In my first post of this series, I looked at the provisioning experience of five leading cloud Infrastructure-as-a-Service providers. No two were alike, as each offered a unique take.
Elasticity is an oft-cited reason for using the cloud, so scalability is a key way to assess the suitability of a given cloud to your workloads. Like before, I’ll assess Google Compute Engine, Microsoft Azure, AWS, CenturyLink Cloud, and Digital Ocean. Each cloud will be evaluated based on the ability to scale vertically (i.e. add/remove instance capacity) and horizontally (i.e. add/remove instances) either manually or automatically.
Let’s get going in alphabetical order.
DISCLAIMER: I’m the product owner for the CenturyLink Cloud. Obviously my perspective is colored by that. However, I’ve taught three well-received courses on AWS, use Microsoft Azure often as part of my Microsoft MVP status, and spend my day studying the cloud market and playing with cloud technology.
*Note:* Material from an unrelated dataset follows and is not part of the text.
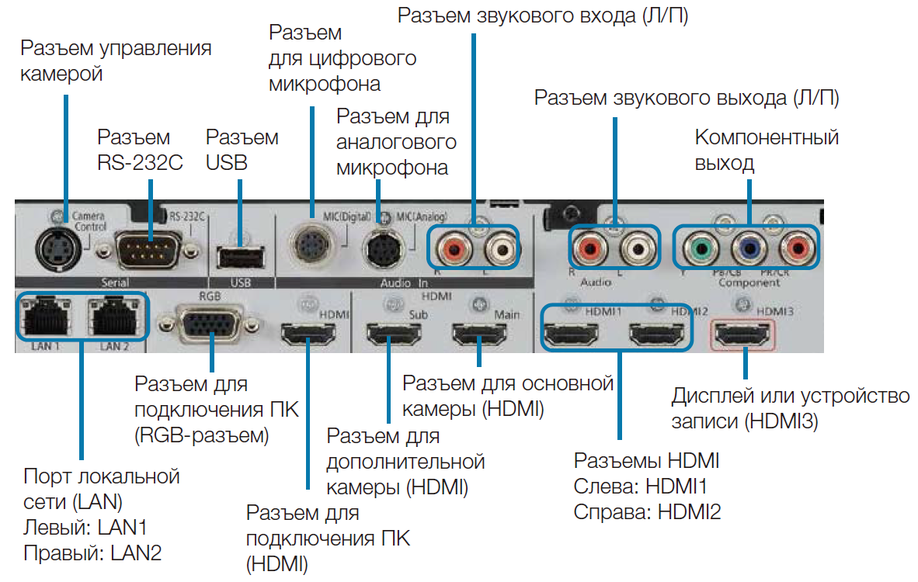 Интерфейсы Panasonic KX-VC1600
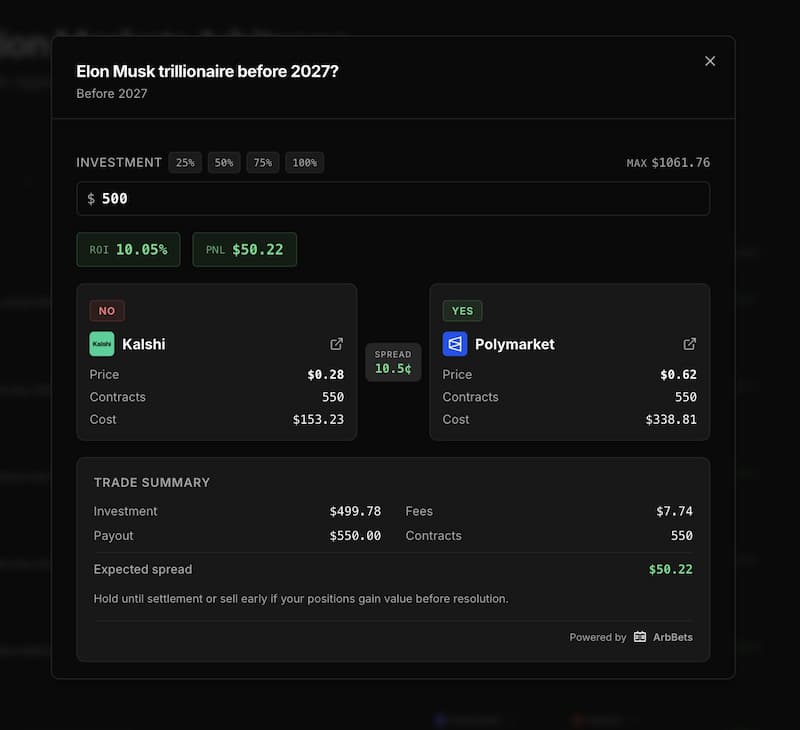 Arb Bets Prediction Markets Arbitrage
While I’m not unbiased, I’m also realistic and can recognize strengths and weaknesses of many vendors in the space.
Amazon Web Services
How do you scale vertically?
In reality, AWS treats individual virtual servers as immutable. There are some complex resizing rules, and local storage cannot be resized at any time. Resizing an AWS image also results in all new public and private IP addresses. Honestly, you’re really building a new server when you choose to resize.
If you want to add CPU/memory capacity to a running virtual machine – and you’re not trying to resize to an instance type of a different virtualization type – then you must stop it first. You cannot resize instances between different virtualization types, so you may want to carefully plan for this. Note that stopping an AWS VM means that anything on the ephemeral storage is destroyed.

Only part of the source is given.